= Mount Lawley District Cricket Club =

Mount Lawley District Cricket Club is a semi-professional cricket club which plays in Western Australian Grade Cricket competition which is now referred as Western Australian Premier Cricket. The club joined the Western Australian Cricket Association "A" grade district competition as the Maylands-Mount Lawley Cricket Club in 1924-25 after having applied for entry two years earlier. The name was changed to Mount Lawley Cricket Club in 1927–28.

The club's first home ground was Maylands Oval, which later became known as Shearn Park.
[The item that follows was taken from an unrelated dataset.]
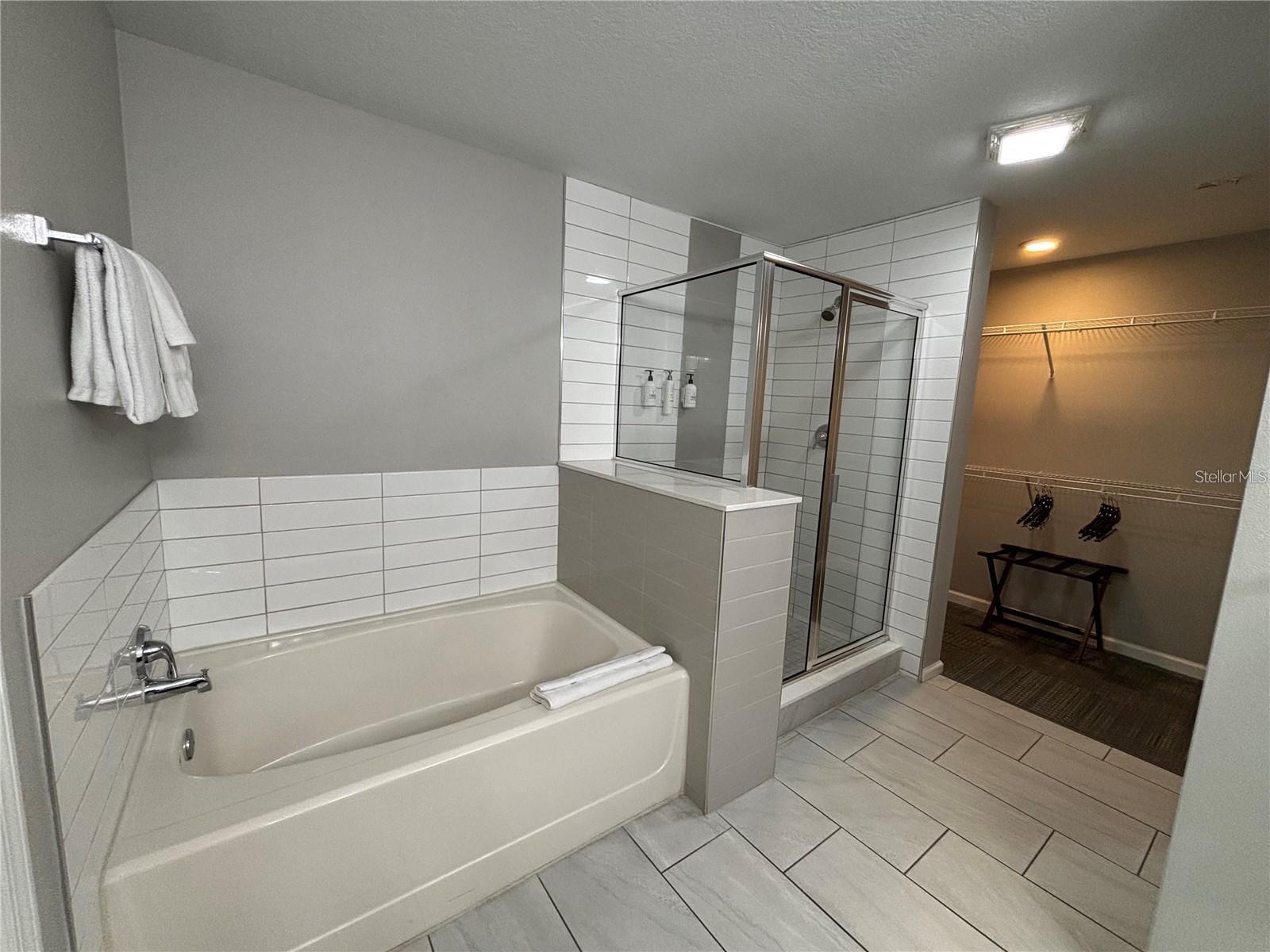 Condo - Hotel at 14501 GROVE RESORT AVE #1503, WINTER GARDEN, photo 18 of 41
This was granted in 1923. In 1947-48 senior matches moved to Inglewood Oval, then in October 1978 to Cornwall Reserve in Dianella. In 1982-83 the ground was renamed Breckler Park.

==Current A grade squad==

Current A grade team is captained by former Sussex and Glamorgan first class cricketer Stewart Walters and include players like Clint Hinchliffe who now represents Melbourne stars in Big Bash league and formerly represented Perth scorchers and Western Australia in first class cricket. All rounder Darius D'Silva represents United Arab Emirates in International Cricket where he debuted in ODI and T20I formats recently.Veteran Chris Prescott and Braydon Thompson adds experience in pace department while spinner Mohamed Ijaz, a former Sri Lanka under 19 representative is also part of the squad. Opening Batsman Corey Evans has represented the State in under age cricket. Other squad members include pace bowling all rounder Liam Purdy, wicket keeper batsman Andrew Bottega, middle order batsmen Oliver Mouchemore, Ethan Petta and Nic Marciano. Head coach of the club is David Virgo.

==Notable players==
Chris Matthews was the first homegrown Mount Lawley player to join the Australian team. Other notable Mount Lawley players who played international cricket include Ashley Mallett, Terry Jenner, Tony Mann, Colin Milburn, Geoff Marsh, Dermot Reeve, Ravi Ratnayeke, Mike Veletta, Michael Klinger, Dean Brownlie, and Chris Jordan, Even though John McGuire hasn’t played international cricket, he was considered to be one of the best batsman of his generation and scored over 10000 first grade runs and holds several of the batting records of Mount Lawley. Other notable first class cricketers include Paul Davis and Tom Beaton.